On 27 June 2012, UN Group of Experts provided extensive evidence showing that Rwanda was supplying arms and recruiting for the Congolese rebel movement M23. And this was not the first time a UN mandated team reported persistent Rwandan interference in Democratic Republic of Congo in the last sixteen years.
As a consequence, several donor countries have delayed or suspended aid to Rwanda.
So far, Belgium, former colonising country of Rwanda has however been reluctant to make its position known.
Being one of the last strong partners who had not made clear where they stood until recently, Belgium announced to do so soon, this after a recent visit of Didier Reynders, Belgian Minister of Foreign Affairs in the Great Lakes region.
After Kinshasa, Reydners announced in Kigali that Rwanda needed to demonstrate some positive signs. RFI reports the minister saying that,
“It is urgent to take action and if this is not the case, there will be an escalation. And not just on the ground, but perhaps internationally. Belgium is looking forward to discussions that will take place in the Security Council and UN Sanctions Committee in the coming days. But if the outcome is an inclination for sanctions at the international level, we will take part.”
Persistent denial of intervening in Democratic Republic of Congo for any alleged reason has been the constant position of the Rwandan government on the whole issue of either plundering mineral resources or recruiting fighters for funded militias of rebel forces..
Instead, Rwandan response to the current cutting of aid has been, among other measures, the creation of Agaciro Fund apparently aimed at filling the void created by significant reduction of income in the government coffers.
In addition, reliable sources inside Rwanda confirm that forced recruitment of young people are continuing despite the fact donor countries have clearly told the Rwandan president Paul Kagame that in order to un-freeze aid for the country, he must provide evidence that he had stopped his support for M23.
Young people are being rounded up, and sent into fast training camps, then trucked to M23 in North Kivu. This unfortunate behaviour of the Rwandan government seriously compromises any research of long term sustainability for the region.

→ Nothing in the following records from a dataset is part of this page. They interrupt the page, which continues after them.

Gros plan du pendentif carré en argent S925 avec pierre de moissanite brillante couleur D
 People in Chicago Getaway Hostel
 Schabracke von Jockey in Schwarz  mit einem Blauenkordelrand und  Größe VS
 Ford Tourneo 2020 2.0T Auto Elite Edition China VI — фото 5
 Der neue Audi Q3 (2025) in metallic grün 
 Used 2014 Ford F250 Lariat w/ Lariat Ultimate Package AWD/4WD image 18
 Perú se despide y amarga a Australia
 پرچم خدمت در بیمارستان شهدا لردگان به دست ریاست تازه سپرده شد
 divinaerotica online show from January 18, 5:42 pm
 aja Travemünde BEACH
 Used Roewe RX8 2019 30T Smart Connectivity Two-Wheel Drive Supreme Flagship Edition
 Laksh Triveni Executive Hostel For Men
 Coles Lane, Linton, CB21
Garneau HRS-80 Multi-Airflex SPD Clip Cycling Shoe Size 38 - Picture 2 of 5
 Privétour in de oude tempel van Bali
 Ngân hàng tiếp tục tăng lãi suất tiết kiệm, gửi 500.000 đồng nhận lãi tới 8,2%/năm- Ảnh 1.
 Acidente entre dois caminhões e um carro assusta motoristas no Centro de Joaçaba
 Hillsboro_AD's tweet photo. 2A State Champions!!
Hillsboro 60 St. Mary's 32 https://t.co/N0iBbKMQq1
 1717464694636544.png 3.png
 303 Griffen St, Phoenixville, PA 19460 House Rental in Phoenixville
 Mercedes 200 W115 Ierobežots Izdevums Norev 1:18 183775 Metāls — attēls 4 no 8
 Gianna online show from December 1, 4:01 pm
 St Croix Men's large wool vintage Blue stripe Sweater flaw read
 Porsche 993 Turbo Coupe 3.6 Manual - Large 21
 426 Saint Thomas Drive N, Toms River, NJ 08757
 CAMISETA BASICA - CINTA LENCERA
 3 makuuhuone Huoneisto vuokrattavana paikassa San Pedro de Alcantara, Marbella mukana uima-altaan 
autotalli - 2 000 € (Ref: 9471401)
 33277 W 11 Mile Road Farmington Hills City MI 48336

As we remember, following the publication of the UN Groups of Experts and the outcry it had caused from several circles, it had been agreed to create an international neutral force to monitor border between Rwanda and DRC.
First such force was discussed at Addis Ababa during the Summit of Heads of states, then more recently at the Kampala meeting where governments of the Great Lakes region followed on Addis Ababa discussions about security issues.
Despite technical and financial difficulties that putting in place such force have to overcome, even if it became operational, from past experience in the region, it won’t stop support that Rwanda, and even Uganda, are providing to M23.
It is important to remember that the master-minder of all the chaos and tragedies experienced in the region has always been Yoweri Museveni, president of Uganda, since he took power in that country in 1986, with his strongly held concept of establishing a federation of East African States where he would be the main leading figure.
Paul Kagame, who worked as his Chief of Internal Intelligence in Uganda, before leading the invasion of Rwanda in 1990, is only a mentee or a follower. And in his numerous violent ventures across countries of the Great Lakes, he has widely proven to be more deadly than his master.
After Rwandan invasion, when Habyarimana government complained that Uganda was attacking his country using the Rwandan Patriotic Forces which were part of the Ugandan army, the temporary solution was to establish an African contingent of neutral force, which was then called Group of Military Observers.
This African neutral force did not stop the Rwandan Patriotic Front from pursuing its devastating civil war, creating chaos and disrupting political, economic and social lives across the country, until the fall of Habyarimana and his regime.
Yoweri Museveni, forces took Kampala [Ugandan capital city] in 1986 while his team of representatives were in negotiation with the Okello government side in Nairobi [Kenya].
His mentee Paul Kagame took by force Kigali [Rwandan capital] in July 1994 after his RPF rebel movement had signed in August 1993 Arusha Peace Agreements with Habyarimana government.
One important area for action for patriotic Congolese who care strongly for their country is to denounce as much as possible the creation of an international neutral force for Eastern Congo. As indicated, learning from the same pattern of events and tactics being used by same actors responsible of the overall suffering of millions of civilians in DRC, Rwanda, Uganda and Burundi, it would be unpatriotic for Congolese to give any credibility to such force, knowing that its purpose is only to lure DRC authorities into not addressing seriously the root causes of instability in their country.
Alternative and more effective solutions to get more security in DRC are 1) to get MONUSCO being less a structure to maintain the exploitative statu quo of the ongoing situation which benefits the West and its multinationals, 2) to get representative and democratic governments in Rwanda and Uganda, which serve citizens of those countries, instead of being managed like private properties. Museveni and Kagame’s dictatorships are the main cause of insecurity in the region; them being around, it will be impossible to have peace. And we may keep counting their victims until they will be gone.